# [Input records]
****************************************

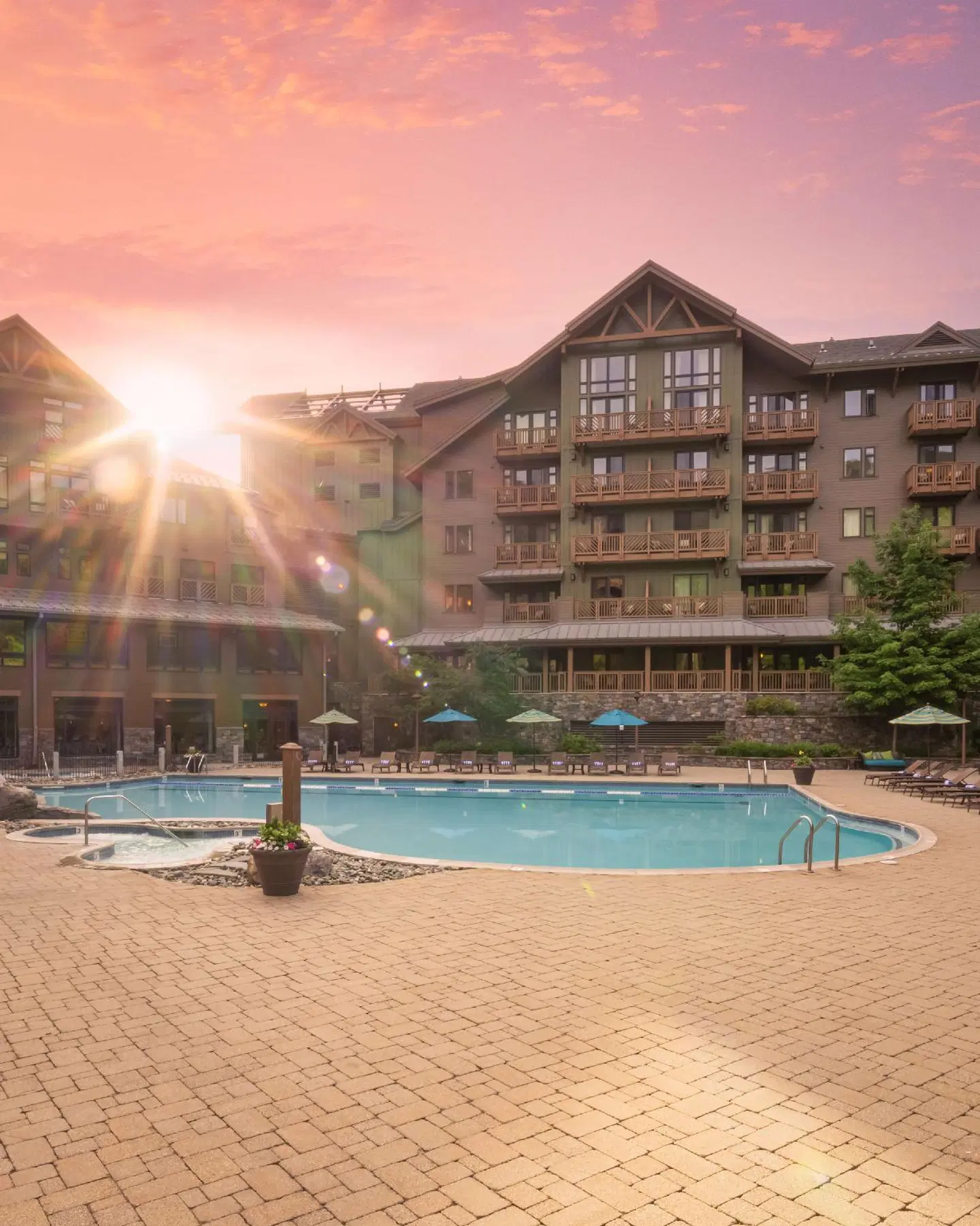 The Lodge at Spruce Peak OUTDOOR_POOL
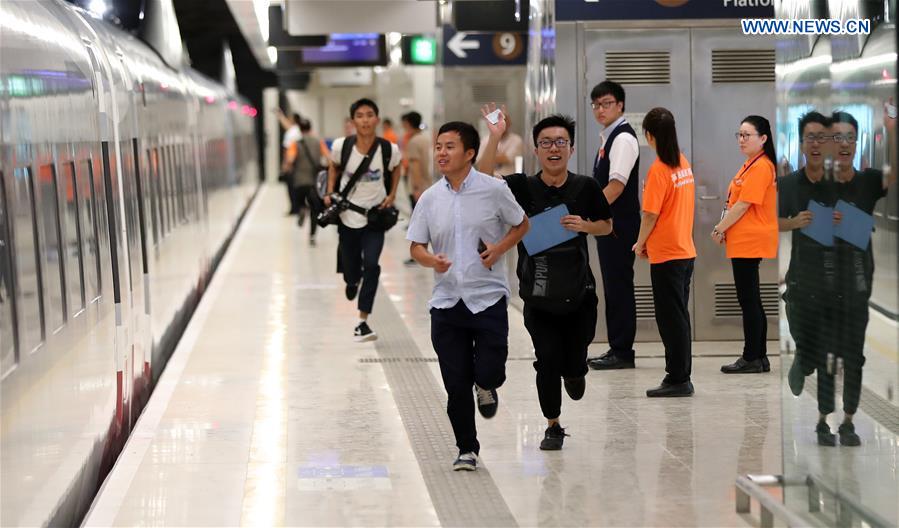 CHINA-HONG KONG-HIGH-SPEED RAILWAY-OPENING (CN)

****************************************

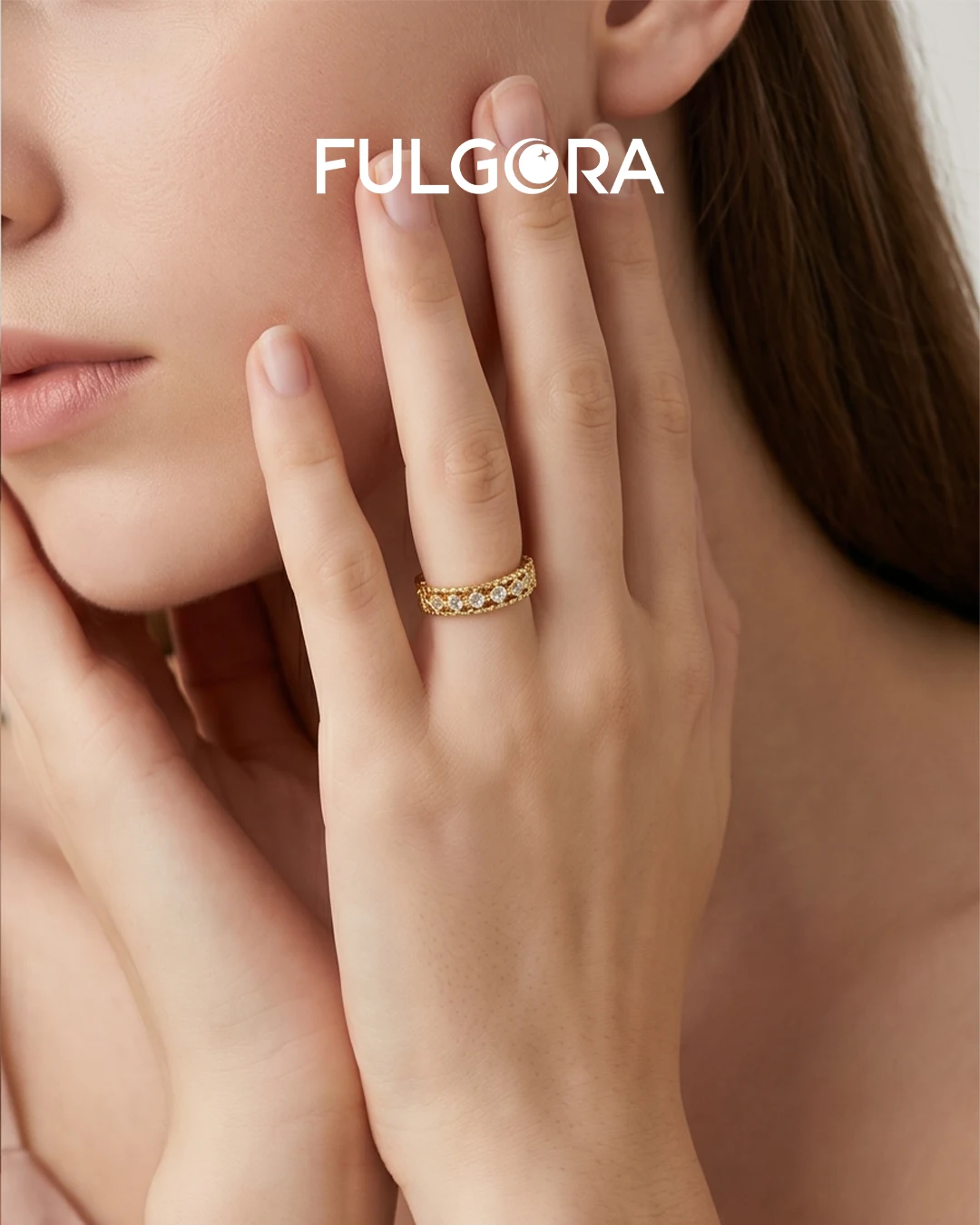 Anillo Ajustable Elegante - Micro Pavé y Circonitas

****************************************

What you write out is the stretch of entries from the line containing "The Lodge at Spruce Peak OUTDOOR_POOL" to the line containing "CHINA-HONG KONG-HIGH-SPEED RAILWAY-OPENING", word for word, with both end lines and no pictures.

 The Lodge at Spruce Peak OUTDOOR_POOL
 CHINA-HONG KONG-HIGH-SPEED RAILWAY-OPENING (CN)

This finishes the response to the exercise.